Records from a collection
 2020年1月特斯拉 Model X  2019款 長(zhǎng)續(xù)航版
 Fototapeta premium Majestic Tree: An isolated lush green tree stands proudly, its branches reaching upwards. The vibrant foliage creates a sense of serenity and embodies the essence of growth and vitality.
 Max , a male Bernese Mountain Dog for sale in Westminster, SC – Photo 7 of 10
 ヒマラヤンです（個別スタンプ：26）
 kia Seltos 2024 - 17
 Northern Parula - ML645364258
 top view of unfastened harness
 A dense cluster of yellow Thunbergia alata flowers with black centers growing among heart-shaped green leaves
==
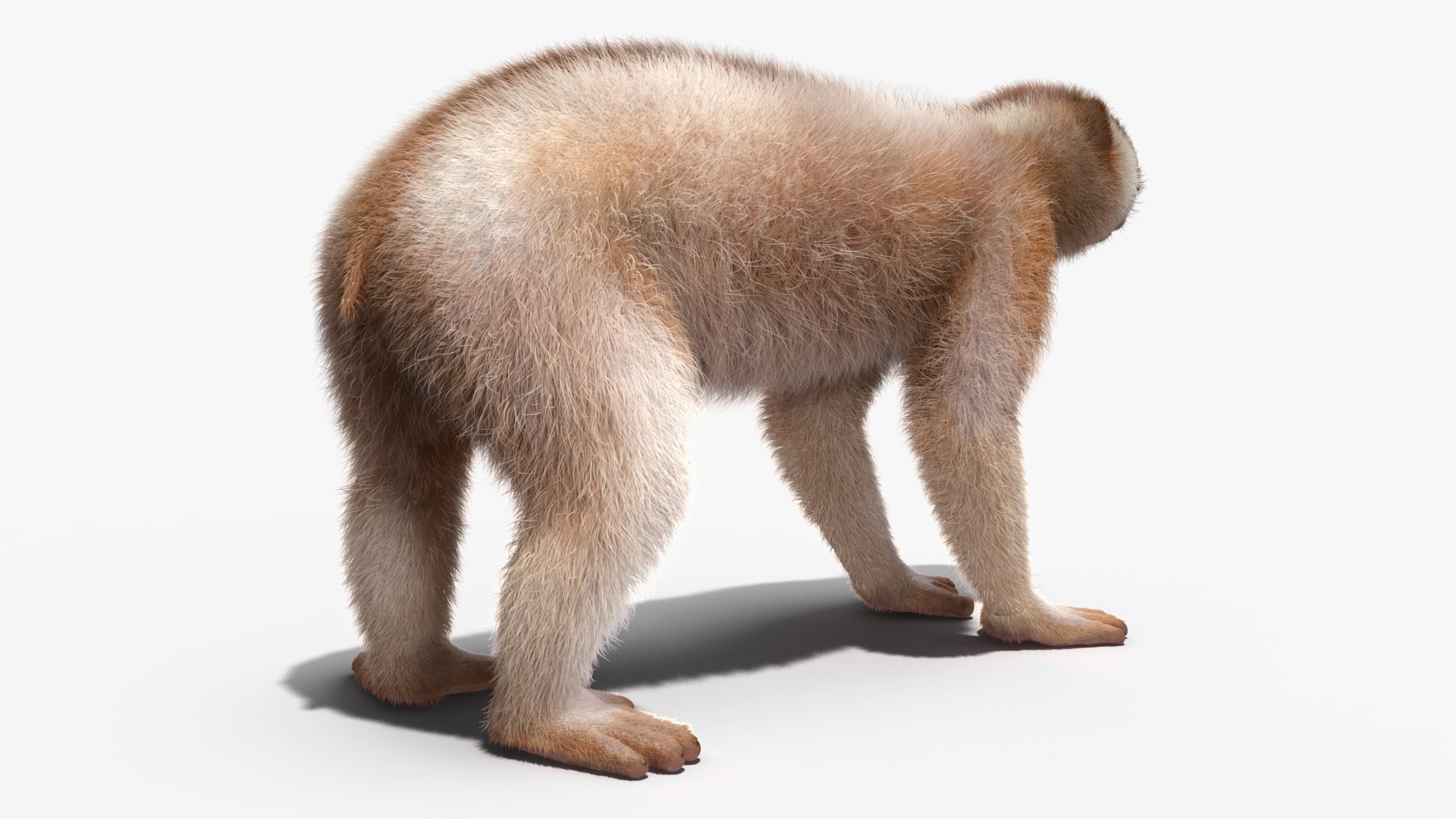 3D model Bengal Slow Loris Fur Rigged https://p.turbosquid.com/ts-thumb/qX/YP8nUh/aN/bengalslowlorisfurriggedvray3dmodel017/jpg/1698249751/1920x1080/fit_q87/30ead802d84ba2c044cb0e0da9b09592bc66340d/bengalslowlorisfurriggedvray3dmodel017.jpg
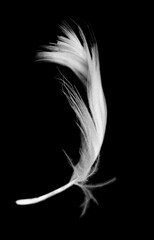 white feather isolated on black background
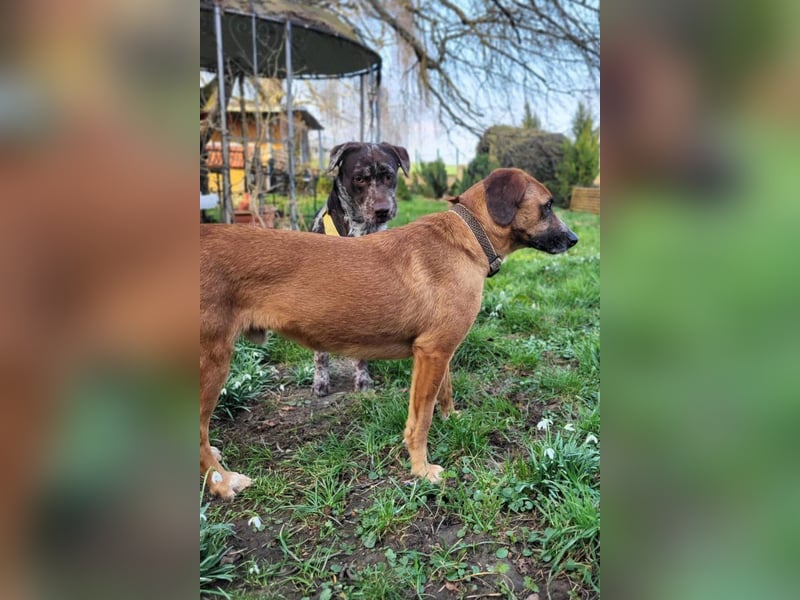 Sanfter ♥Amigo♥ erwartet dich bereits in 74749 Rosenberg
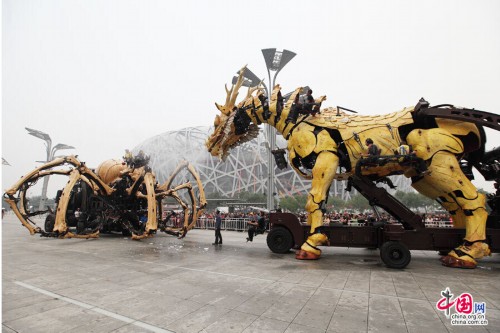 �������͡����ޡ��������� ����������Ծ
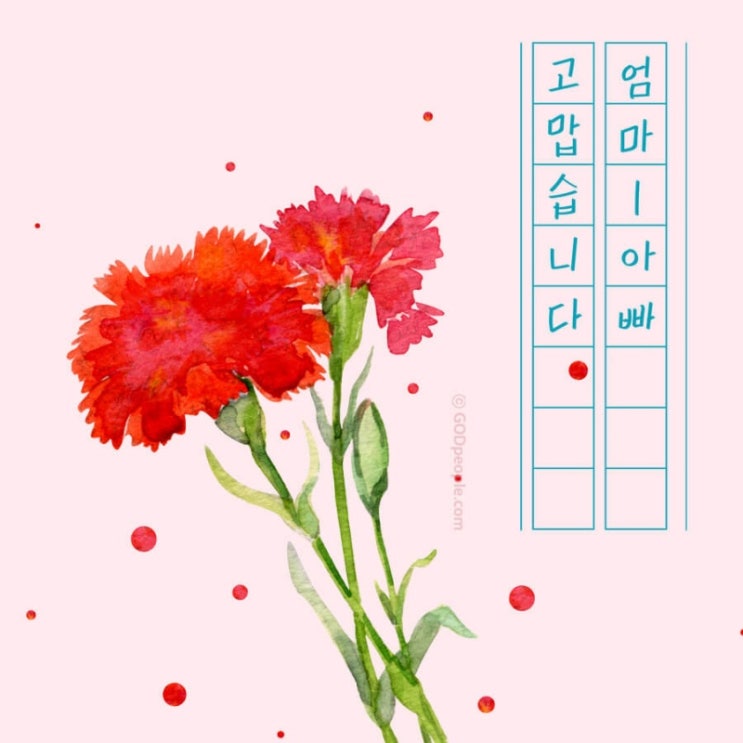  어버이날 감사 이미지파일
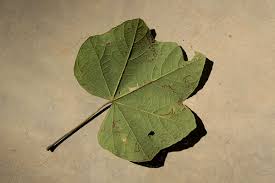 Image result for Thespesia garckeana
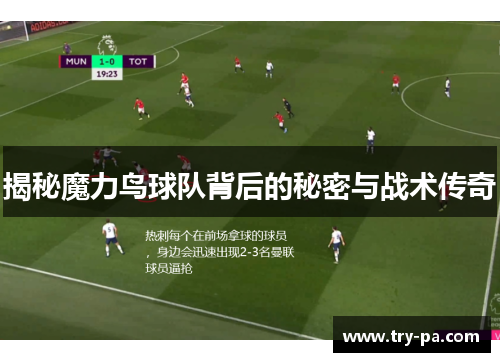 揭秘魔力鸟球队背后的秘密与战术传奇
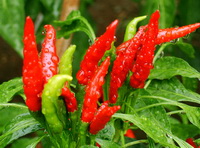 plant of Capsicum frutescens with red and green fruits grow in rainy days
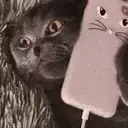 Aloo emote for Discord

- WHAT YOU NEED TO DO
Give back precisely the lines above that start at the line containing "2020年1月特斯拉 Model X" and end at the line containing "Max , a male", inclusive. No other lines belong in the output.

- EXERCISE RESULT
 2020年1月特斯拉 Model X  2019款 長(zhǎng)續(xù)航版
 Fototapeta premium Majestic Tree: An isolated lush green tree stands proudly, its branches reaching upwards. The vibrant foliage creates a sense of serenity and embodies the essence of growth and vitality.
 Max , a male Bernese Mountain Dog for sale in Westminster, SC – Photo 7 of 10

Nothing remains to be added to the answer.